Items from a dataset
——————

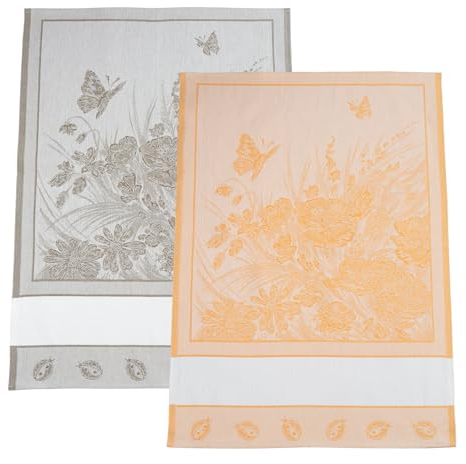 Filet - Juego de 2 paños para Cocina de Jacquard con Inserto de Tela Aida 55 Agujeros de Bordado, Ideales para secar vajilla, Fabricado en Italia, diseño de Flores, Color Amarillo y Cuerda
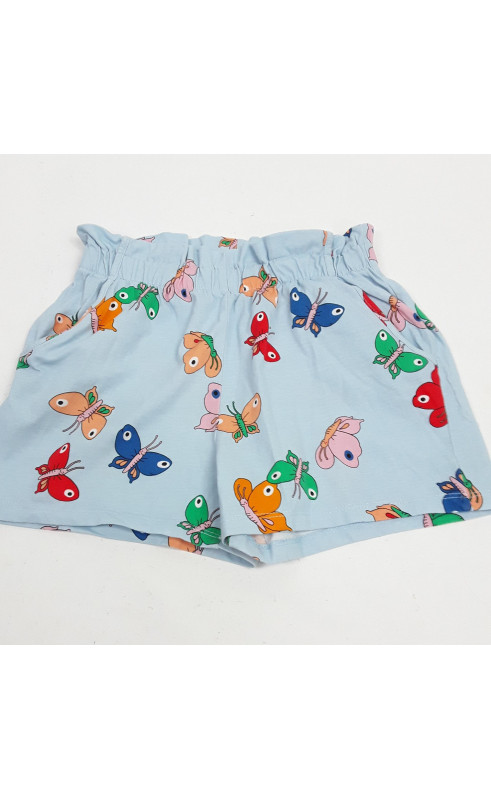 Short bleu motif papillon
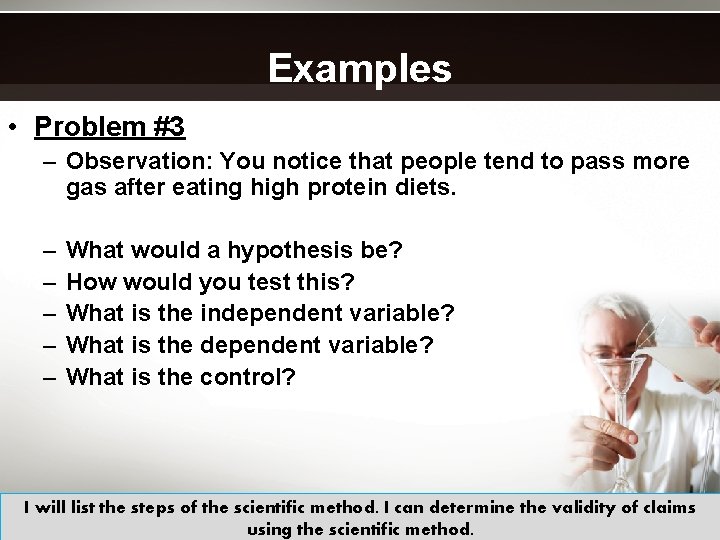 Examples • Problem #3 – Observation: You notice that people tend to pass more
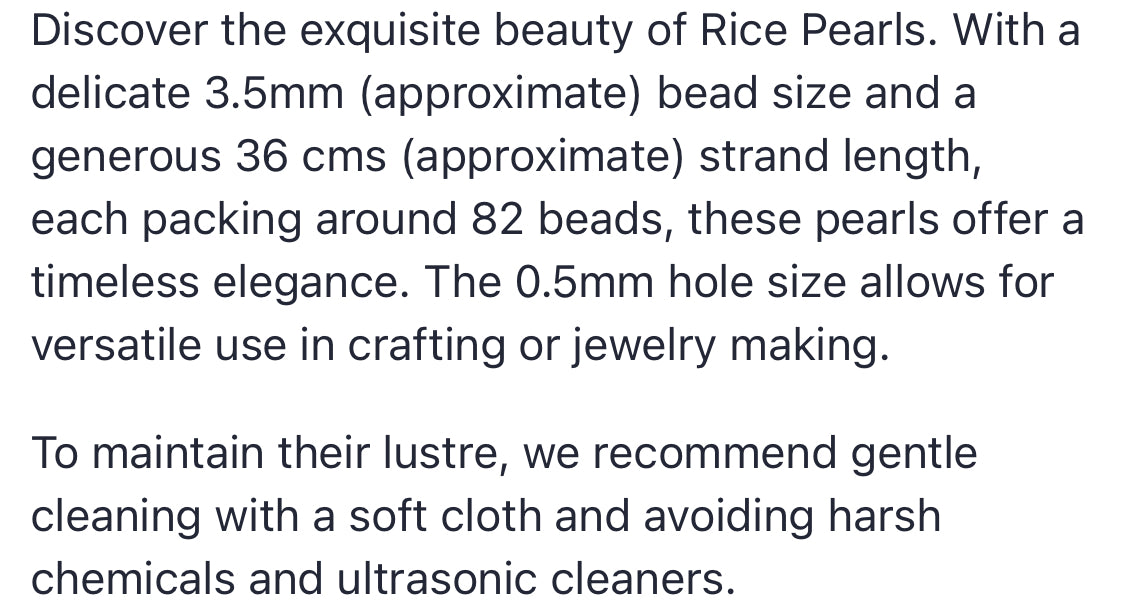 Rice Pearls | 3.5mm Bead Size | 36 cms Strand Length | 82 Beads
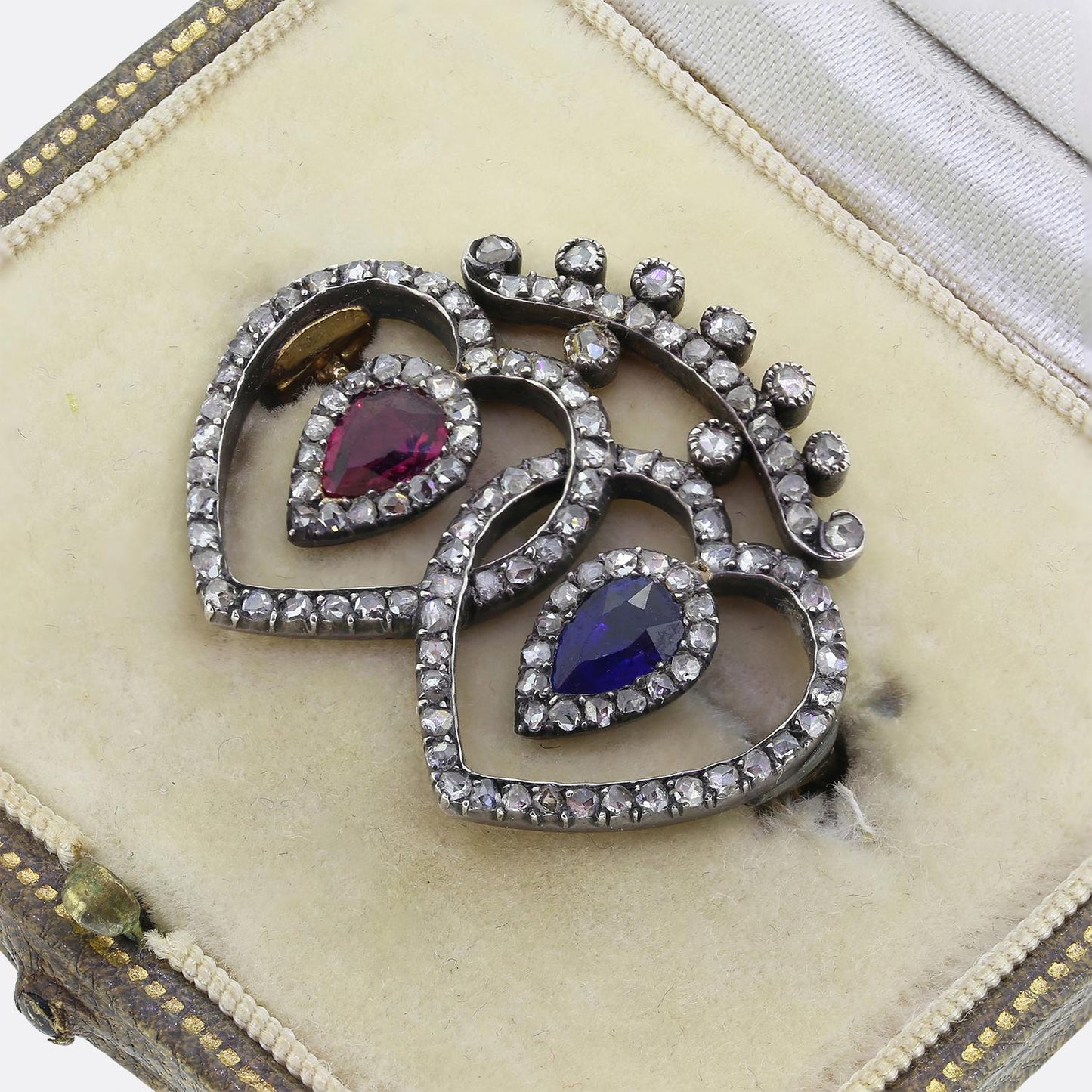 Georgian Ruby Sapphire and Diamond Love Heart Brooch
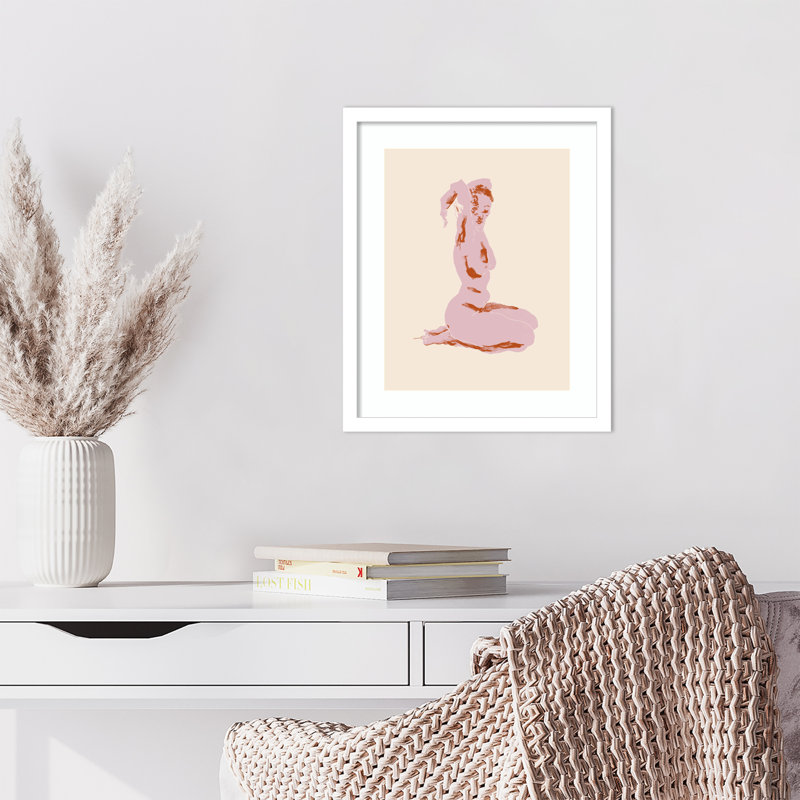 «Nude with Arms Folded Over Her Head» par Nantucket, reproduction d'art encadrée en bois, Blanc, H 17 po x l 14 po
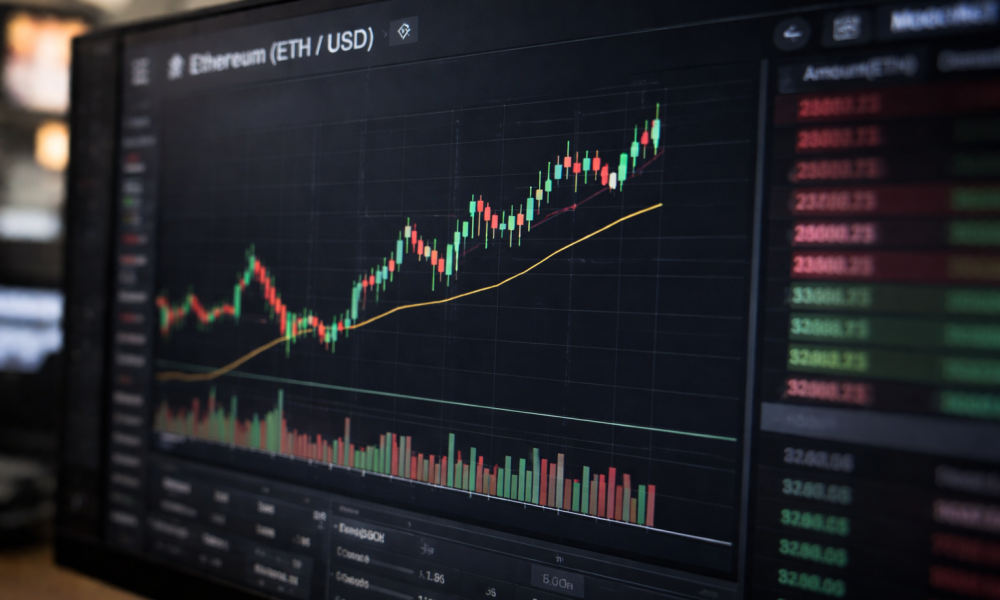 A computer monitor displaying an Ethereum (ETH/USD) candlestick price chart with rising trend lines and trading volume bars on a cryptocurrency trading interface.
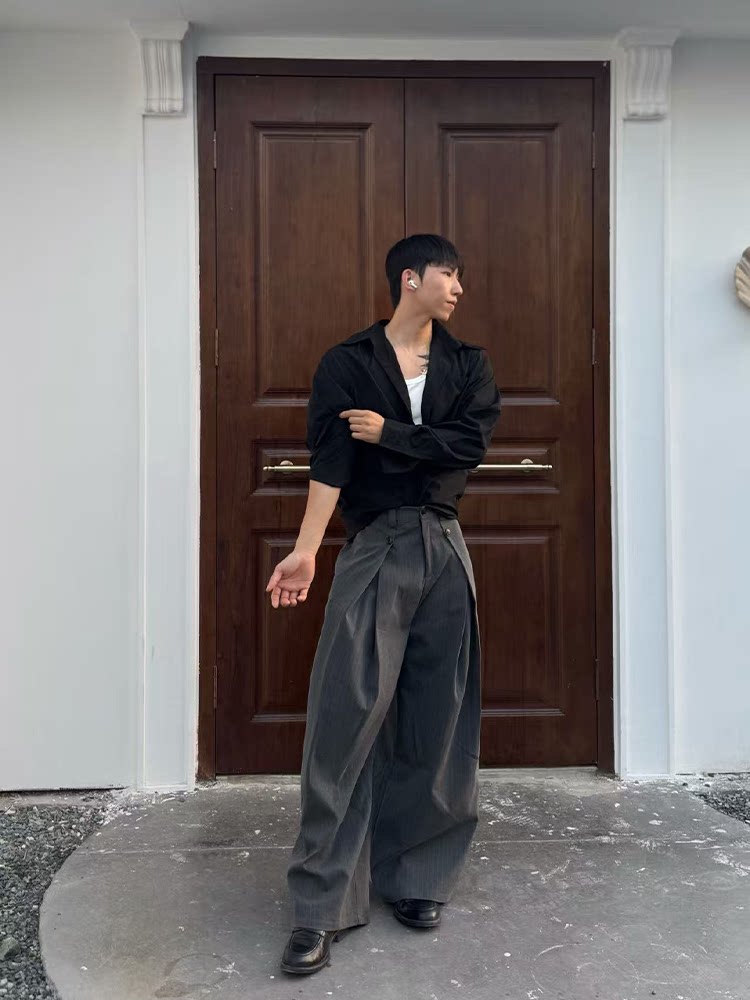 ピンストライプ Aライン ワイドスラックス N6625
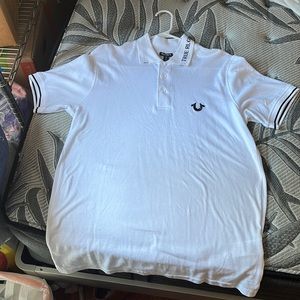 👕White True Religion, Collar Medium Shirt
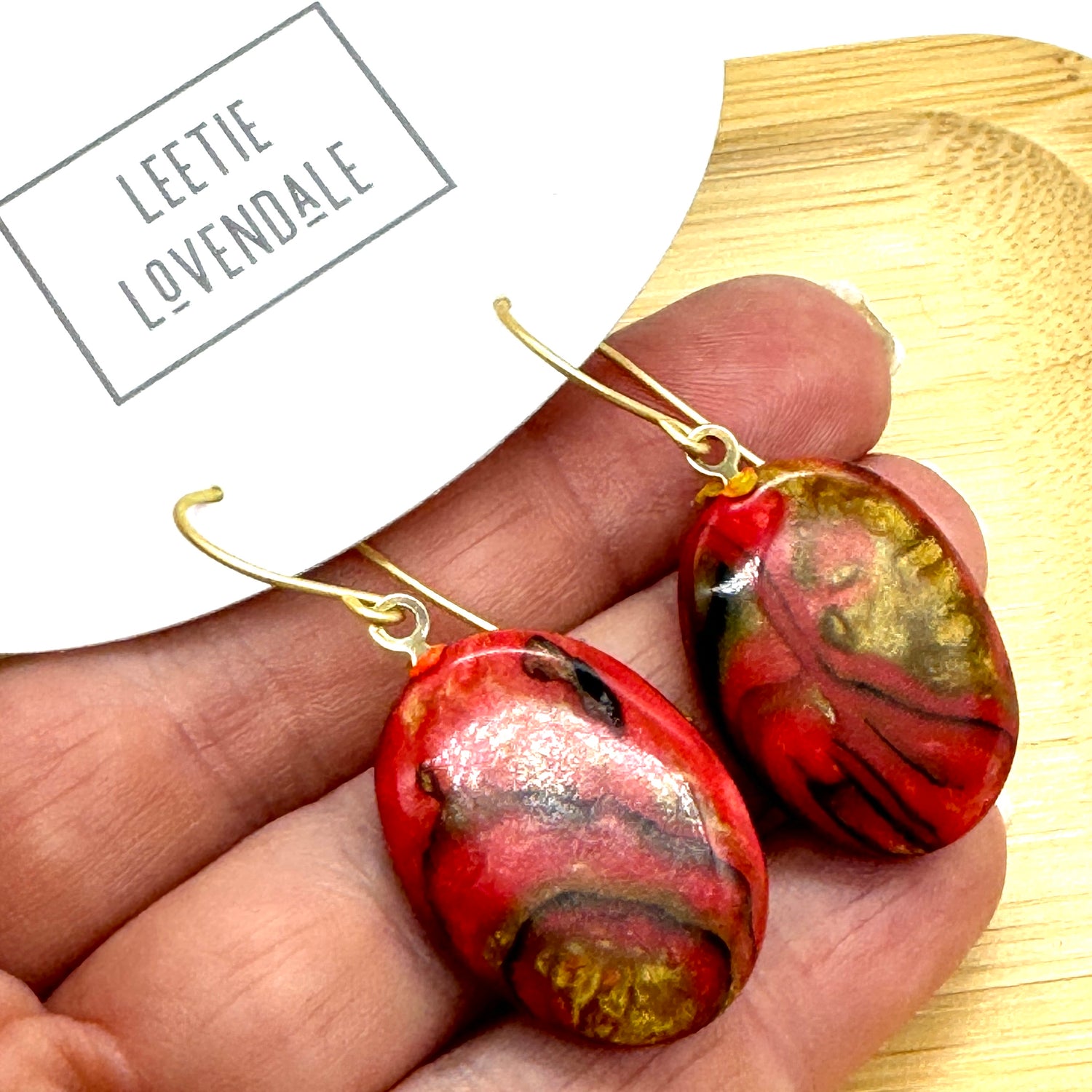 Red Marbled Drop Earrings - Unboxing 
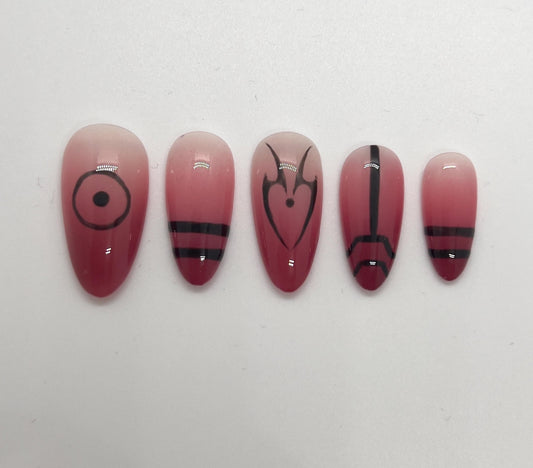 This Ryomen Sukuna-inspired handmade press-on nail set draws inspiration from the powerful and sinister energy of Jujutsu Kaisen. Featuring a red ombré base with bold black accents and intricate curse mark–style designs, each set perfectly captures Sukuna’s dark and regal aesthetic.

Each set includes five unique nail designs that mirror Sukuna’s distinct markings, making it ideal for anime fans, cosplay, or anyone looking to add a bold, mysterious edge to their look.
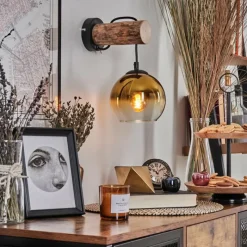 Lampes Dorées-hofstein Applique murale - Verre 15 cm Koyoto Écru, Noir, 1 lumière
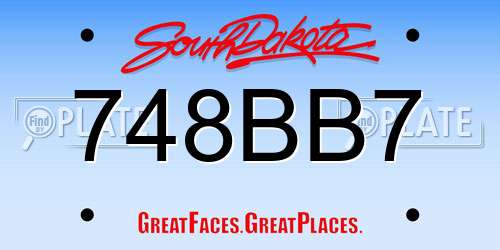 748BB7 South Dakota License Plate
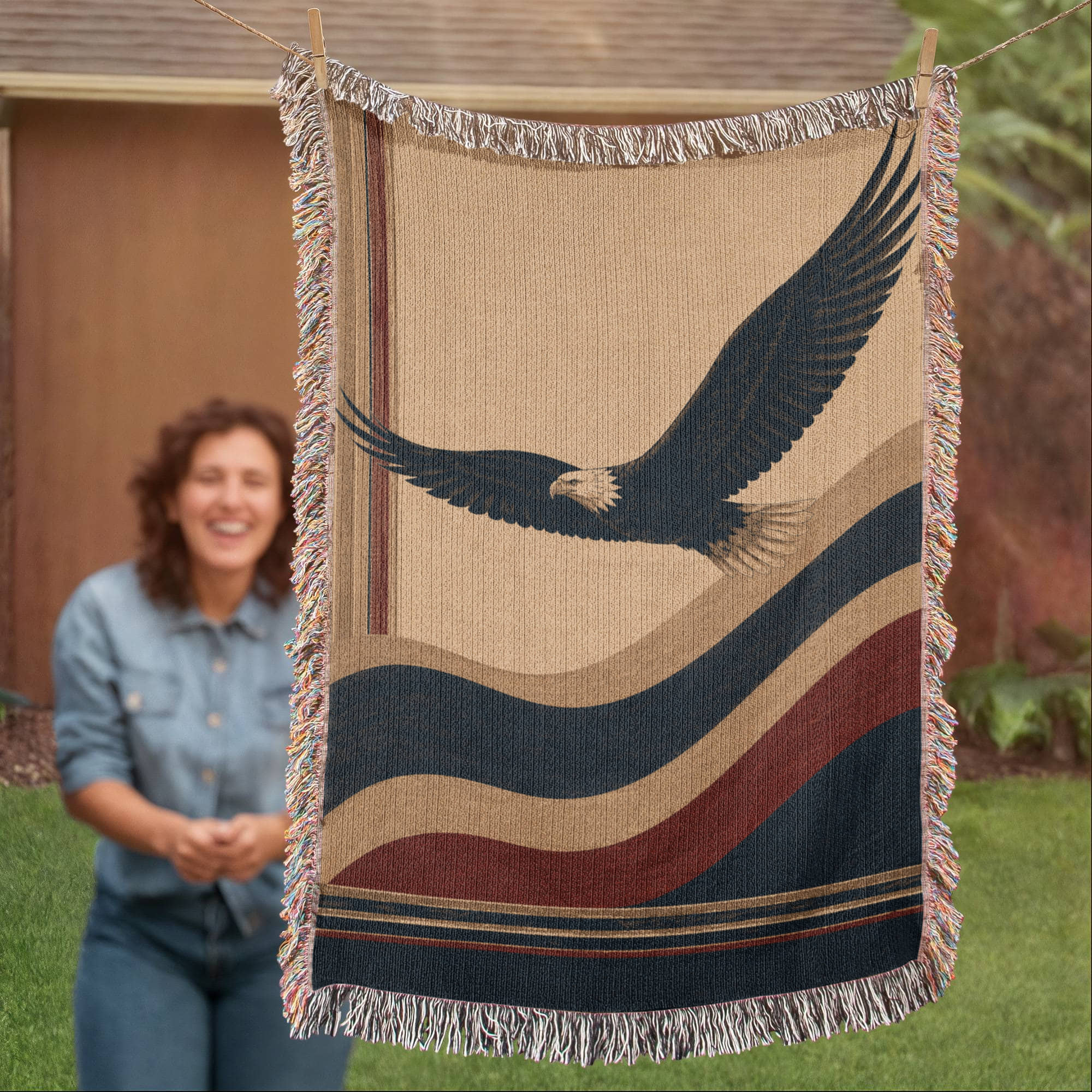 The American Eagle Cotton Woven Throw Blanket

——————

Would you transcribe each of the entries exactly, skipping the pictures?

## Response to the exercise:
 Filet - Juego de 2 paños para Cocina de Jacquard con Inserto de Tela Aida 55 Agujeros de Bordado, Ideales para secar vajilla, Fabricado en Italia, diseño de Flores, Color Amarillo y Cuerda
 Short bleu motif papillon
 Examples • Problem #3 – Observation: You notice that people tend to pass more
 Rice Pearls | 3.5mm Bead Size | 36 cms Strand Length | 82 Beads
 Georgian Ruby Sapphire and Diamond Love Heart Brooch
 «Nude with Arms Folded Over Her Head» par Nantucket, reproduction d'art encadrée en bois, Blanc, H 17 po x l 14 po
 A computer monitor displaying an Ethereum (ETH/USD) candlestick price chart with rising trend lines and trading volume bars on a cryptocurrency trading interface.
 ピンストライプ Aライン ワイドスラックス N6625
 👕White True Religion, Collar Medium Shirt
 Red Marbled Drop Earrings - Unboxing 
 This Ryomen Sukuna-inspired handmade press-on nail set draws inspiration from the powerful and sinister energy of Jujutsu Kaisen. Featuring a red ombré base with bold black accents and intricate curse mark–style designs, each set perfectly captures Sukuna’s dark and regal aesthetic.

Each set includes five unique nail designs that mirror Sukuna’s distinct markings, making it ideal for anime fans, cosplay, or anyone looking to add a bold, mysterious edge to their look.
 Lampes Dorées-hofstein Applique murale - Verre 15 cm Koyoto Écru, Noir, 1 lumière
 748BB7 South Dakota License Plate
 The American Eagle Cotton Woven Throw Blanket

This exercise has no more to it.